- [Exercise aim]
Look below for the line that has "Mia pledd grønn"; output exactly from it through the line that has "Damen lässige Denim-Shorts", and leave the pictures out.

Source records
● ● ● ● ●

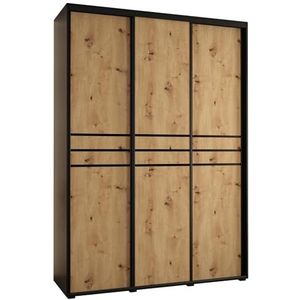 MEBLE KRYSPOL Davos 8 180 Kledingkast met drie schuifdeuren voor slaapkamer - Moderne opbergkast, kledingroede en planken - 235,2x180x45 cm - Zwart Artisan Black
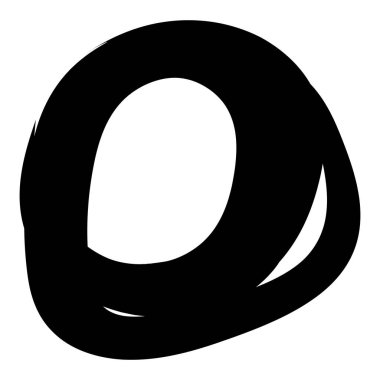 Grunge çemberi fırça darbesi. Soyut siyah yuvarlak çerçeve. Tasarım için yaratıcı bir unsur. Vektör illüstrasyonu beyaz arkaplanda izole edildi.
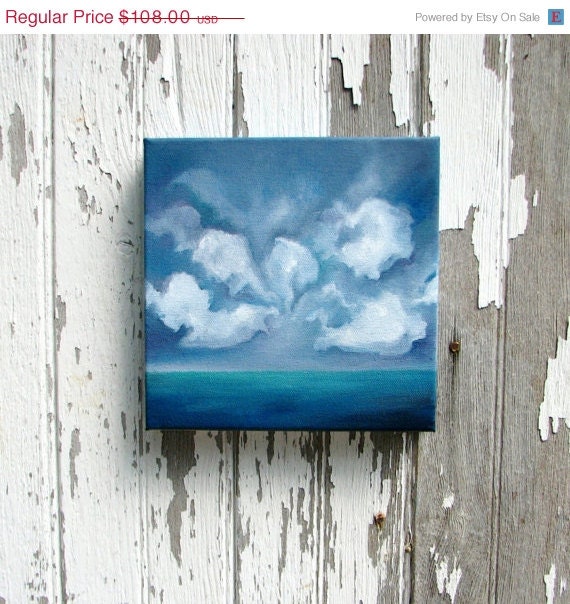 SALE 20% OFF Seascape oil painting original art clouds home decor painting 8x8  - Destination Unknown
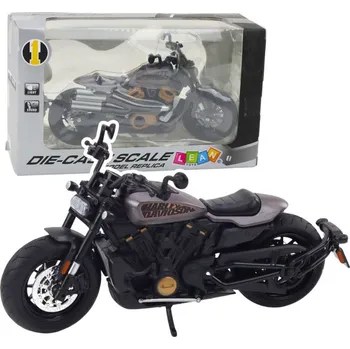 Hračka Motocykl Chopper Kovový Světla Zvuky Černá Šedé Prvky 1:12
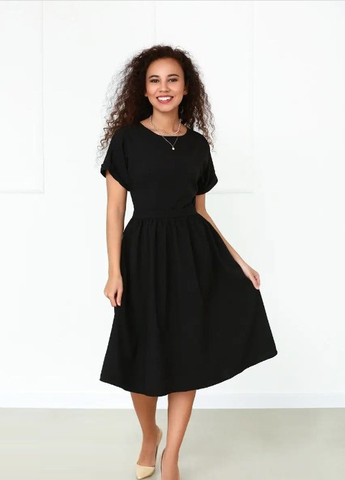 Черное кэжуал платье миди Fashion Girl однотонное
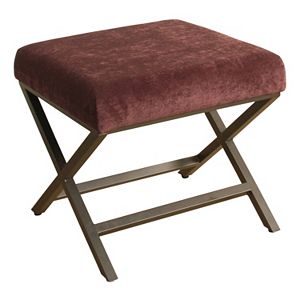 HomePop Plush Velvet Ottoman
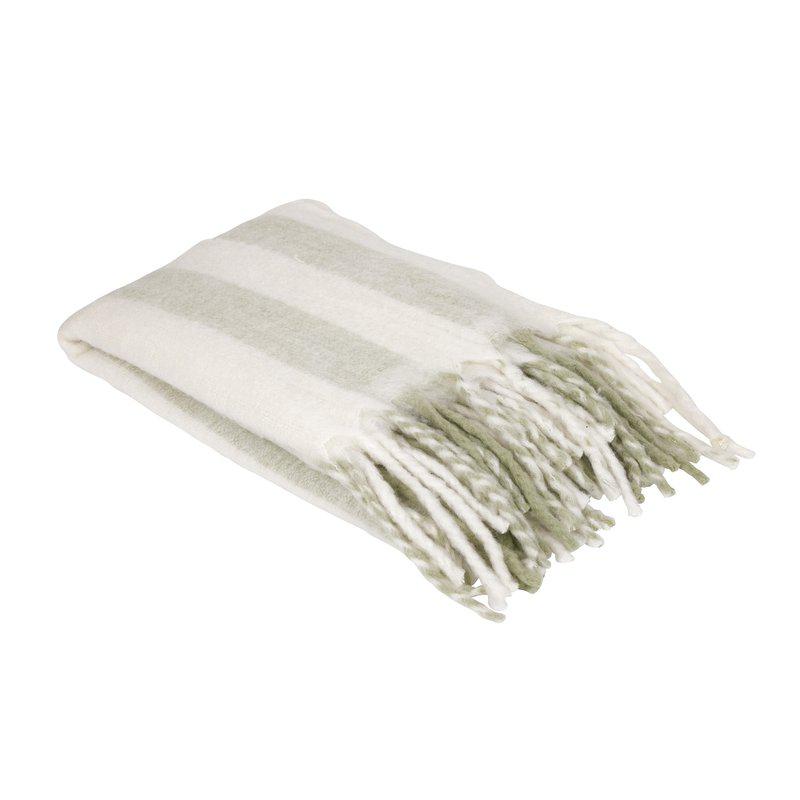 Mia pledd grønn 260149-111-40 Fondaco Mia stripete pledd med frynser i ullblanding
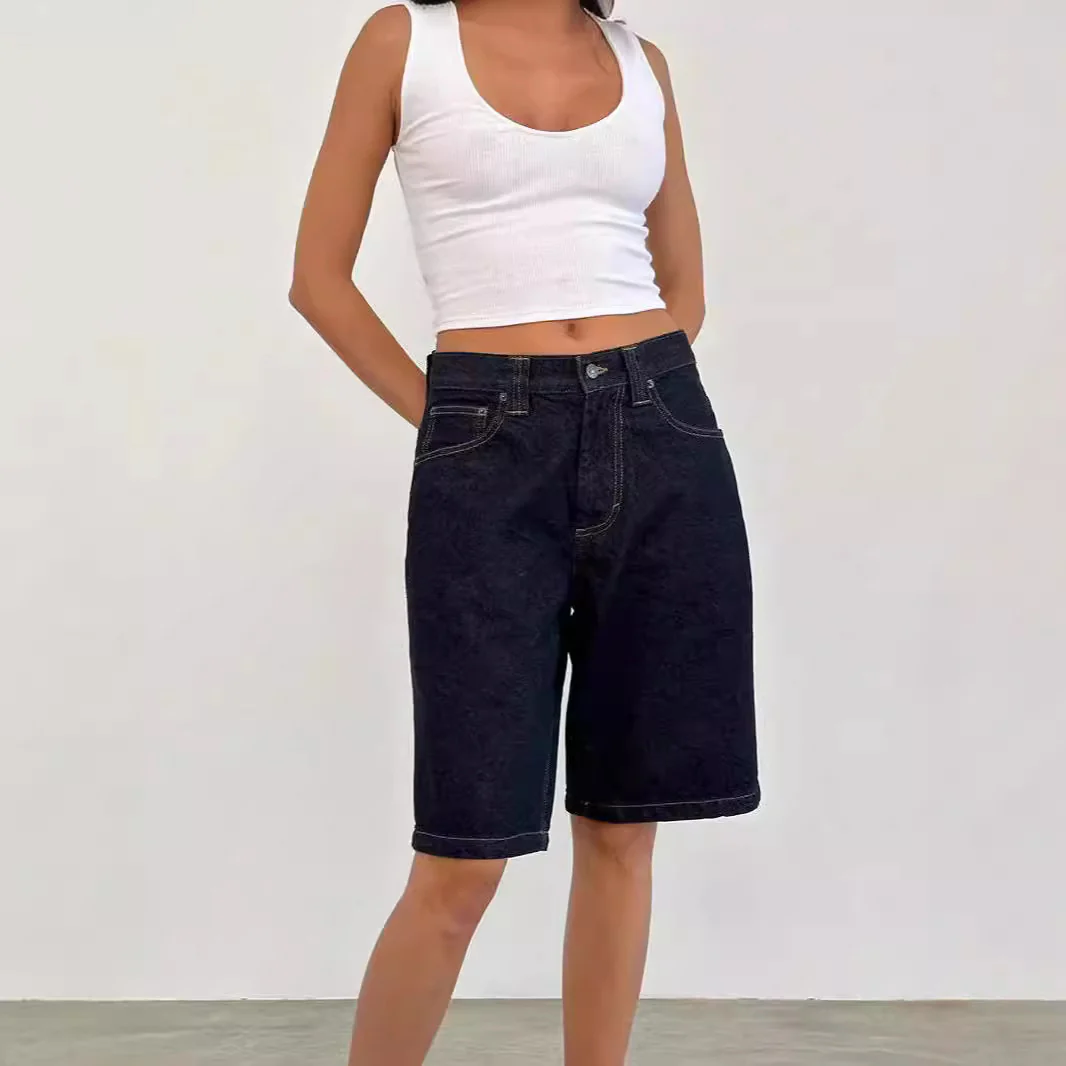 Damen lässige Denim-Shorts mit weitem Schnitt und hohen Seitentaschen R&B - Image 7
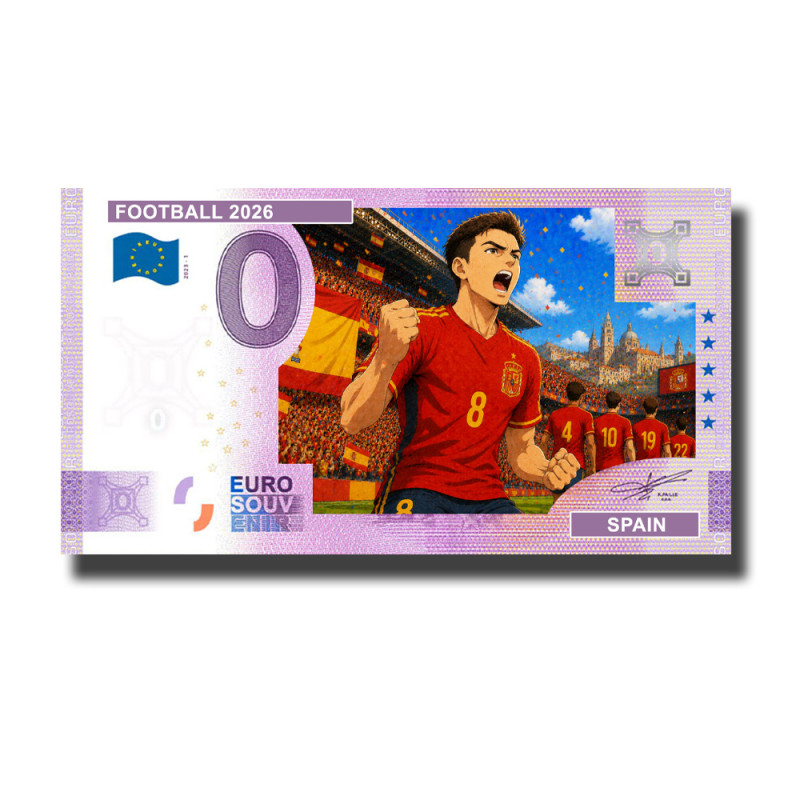 0 Euro Souvenir Banknote Football 2026 Spain Comic Custom Colour 0 Euro Souvenir Banknote Football 2026 Spain Comic Custom Colour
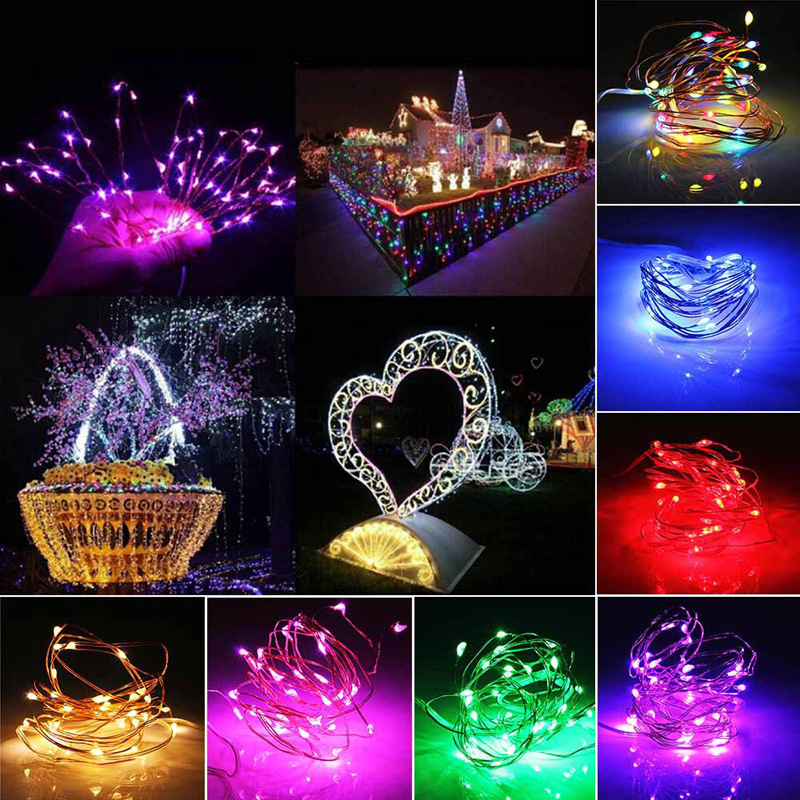 Solar LED String Lights Outdoor String Light, LEDs Fairy Holiday Christmas Party Garland Solar Garden Waterproof Decor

● ● ● ● ●

- [Reply to the exercise]
 Mia pledd grønn 260149-111-40 Fondaco Mia stripete pledd med frynser i ullblanding
 Damen lässige Denim-Shorts mit weitem Schnitt und hohen Seitentaschen R&B - Image 7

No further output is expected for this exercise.